● **Exercise inputs**

▽

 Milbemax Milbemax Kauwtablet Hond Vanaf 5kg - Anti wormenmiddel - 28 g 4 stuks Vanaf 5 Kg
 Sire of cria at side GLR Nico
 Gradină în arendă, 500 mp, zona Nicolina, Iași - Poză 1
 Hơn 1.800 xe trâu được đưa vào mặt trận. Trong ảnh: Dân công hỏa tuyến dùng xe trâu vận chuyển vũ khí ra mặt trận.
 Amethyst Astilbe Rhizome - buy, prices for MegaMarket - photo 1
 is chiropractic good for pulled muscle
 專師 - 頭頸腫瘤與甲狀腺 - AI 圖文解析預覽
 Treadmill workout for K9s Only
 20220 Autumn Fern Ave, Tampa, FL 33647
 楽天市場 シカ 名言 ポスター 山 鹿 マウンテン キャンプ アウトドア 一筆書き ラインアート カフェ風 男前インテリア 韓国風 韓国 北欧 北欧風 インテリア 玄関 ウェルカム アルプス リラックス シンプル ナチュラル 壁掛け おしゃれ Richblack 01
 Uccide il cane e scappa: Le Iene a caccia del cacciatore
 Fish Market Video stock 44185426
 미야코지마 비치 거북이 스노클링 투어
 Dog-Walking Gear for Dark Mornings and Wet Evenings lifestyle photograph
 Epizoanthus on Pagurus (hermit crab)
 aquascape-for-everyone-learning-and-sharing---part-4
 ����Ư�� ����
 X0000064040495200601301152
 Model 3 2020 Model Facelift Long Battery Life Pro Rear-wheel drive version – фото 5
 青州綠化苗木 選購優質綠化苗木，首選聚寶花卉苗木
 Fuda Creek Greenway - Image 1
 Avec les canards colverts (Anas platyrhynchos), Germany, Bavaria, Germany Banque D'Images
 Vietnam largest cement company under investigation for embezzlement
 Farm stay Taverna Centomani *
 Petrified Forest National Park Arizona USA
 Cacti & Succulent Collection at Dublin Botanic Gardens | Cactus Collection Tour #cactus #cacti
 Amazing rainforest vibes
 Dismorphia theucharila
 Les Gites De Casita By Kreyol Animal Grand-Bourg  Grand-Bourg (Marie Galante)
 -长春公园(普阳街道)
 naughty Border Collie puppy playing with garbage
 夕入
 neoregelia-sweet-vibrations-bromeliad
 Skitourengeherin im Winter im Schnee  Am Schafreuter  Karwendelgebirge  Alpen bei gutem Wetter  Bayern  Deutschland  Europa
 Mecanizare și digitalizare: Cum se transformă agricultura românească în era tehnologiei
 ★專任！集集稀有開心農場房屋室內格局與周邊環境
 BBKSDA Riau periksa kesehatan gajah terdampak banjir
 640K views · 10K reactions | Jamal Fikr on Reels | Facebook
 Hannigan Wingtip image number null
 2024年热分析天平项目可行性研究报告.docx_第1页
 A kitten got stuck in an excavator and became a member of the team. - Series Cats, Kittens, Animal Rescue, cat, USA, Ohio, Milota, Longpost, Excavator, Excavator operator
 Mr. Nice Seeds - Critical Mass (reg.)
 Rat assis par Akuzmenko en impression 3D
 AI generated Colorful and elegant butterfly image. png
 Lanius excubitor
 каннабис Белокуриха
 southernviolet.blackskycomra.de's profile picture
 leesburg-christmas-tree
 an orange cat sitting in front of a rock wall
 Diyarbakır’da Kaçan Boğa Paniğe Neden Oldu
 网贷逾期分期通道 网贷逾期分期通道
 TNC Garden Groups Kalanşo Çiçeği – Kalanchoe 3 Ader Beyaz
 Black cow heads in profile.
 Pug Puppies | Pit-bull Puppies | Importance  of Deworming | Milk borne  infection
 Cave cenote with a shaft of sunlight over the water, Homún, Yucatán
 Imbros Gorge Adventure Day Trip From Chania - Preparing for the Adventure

△

● **Exercise aim**
Copy every record above exactly as it stands.

● **Output for this exercise**
 Milbemax Milbemax Kauwtablet Hond Vanaf 5kg - Anti wormenmiddel - 28 g 4 stuks Vanaf 5 Kg
 Sire of cria at side GLR Nico
 Gradină în arendă, 500 mp, zona Nicolina, Iași - Poză 1
 Hơn 1.800 xe trâu được đưa vào mặt trận. Trong ảnh: Dân công hỏa tuyến dùng xe trâu vận chuyển vũ khí ra mặt trận.
 Amethyst Astilbe Rhizome - buy, prices for MegaMarket - photo 1
 is chiropractic good for pulled muscle
 專師 - 頭頸腫瘤與甲狀腺 - AI 圖文解析預覽
 Treadmill workout for K9s Only
 20220 Autumn Fern Ave, Tampa, FL 33647
 楽天市場 シカ 名言 ポスター 山 鹿 マウンテン キャンプ アウトドア 一筆書き ラインアート カフェ風 男前インテリア 韓国風 韓国 北欧 北欧風 インテリア 玄関 ウェルカム アルプス リラックス シンプル ナチュラル 壁掛け おしゃれ Richblack 01
 Uccide il cane e scappa: Le Iene a caccia del cacciatore
 Fish Market Video stock 44185426
 미야코지마 비치 거북이 스노클링 투어
 Dog-Walking Gear for Dark Mornings and Wet Evenings lifestyle photograph
 Epizoanthus on Pagurus (hermit crab)
 aquascape-for-everyone-learning-and-sharing---part-4
 ����Ư�� ����
 X0000064040495200601301152
 Model 3 2020 Model Facelift Long Battery Life Pro Rear-wheel drive version – фото 5
 青州綠化苗木 選購優質綠化苗木，首選聚寶花卉苗木
 Fuda Creek Greenway - Image 1
 Avec les canards colverts (Anas platyrhynchos), Germany, Bavaria, Germany Banque D'Images
 Vietnam largest cement company under investigation for embezzlement
 Farm stay Taverna Centomani *
 Petrified Forest National Park Arizona USA
 Cacti & Succulent Collection at Dublin Botanic Gardens | Cactus Collection Tour #cactus #cacti
 Amazing rainforest vibes
 Dismorphia theucharila
 Les Gites De Casita By Kreyol Animal Grand-Bourg  Grand-Bourg (Marie Galante)
 -长春公园(普阳街道)
 naughty Border Collie puppy playing with garbage
 夕入
 neoregelia-sweet-vibrations-bromeliad
 Skitourengeherin im Winter im Schnee  Am Schafreuter  Karwendelgebirge  Alpen bei gutem Wetter  Bayern  Deutschland  Europa
 Mecanizare și digitalizare: Cum se transformă agricultura românească în era tehnologiei
 ★專任！集集稀有開心農場房屋室內格局與周邊環境
 BBKSDA Riau periksa kesehatan gajah terdampak banjir
 640K views · 10K reactions | Jamal Fikr on Reels | Facebook
 Hannigan Wingtip image number null
 2024年热分析天平项目可行性研究报告.docx_第1页
 A kitten got stuck in an excavator and became a member of the team. - Series Cats, Kittens, Animal Rescue, cat, USA, Ohio, Milota, Longpost, Excavator, Excavator operator
 Mr. Nice Seeds - Critical Mass (reg.)
 Rat assis par Akuzmenko en impression 3D
 AI generated Colorful and elegant butterfly image. png
 Lanius excubitor
 каннабис Белокуриха
 southernviolet.blackskycomra.de's profile picture
 leesburg-christmas-tree
 an orange cat sitting in front of a rock wall
 Diyarbakır’da Kaçan Boğa Paniğe Neden Oldu
 网贷逾期分期通道 网贷逾期分期通道
 TNC Garden Groups Kalanşo Çiçeği – Kalanchoe 3 Ader Beyaz
 Black cow heads in profile.
 Pug Puppies | Pit-bull Puppies | Importance  of Deworming | Milk borne  infection
 Cave cenote with a shaft of sunlight over the water, Homún, Yucatán
 Imbros Gorge Adventure Day Trip From Chania - Preparing for the Adventure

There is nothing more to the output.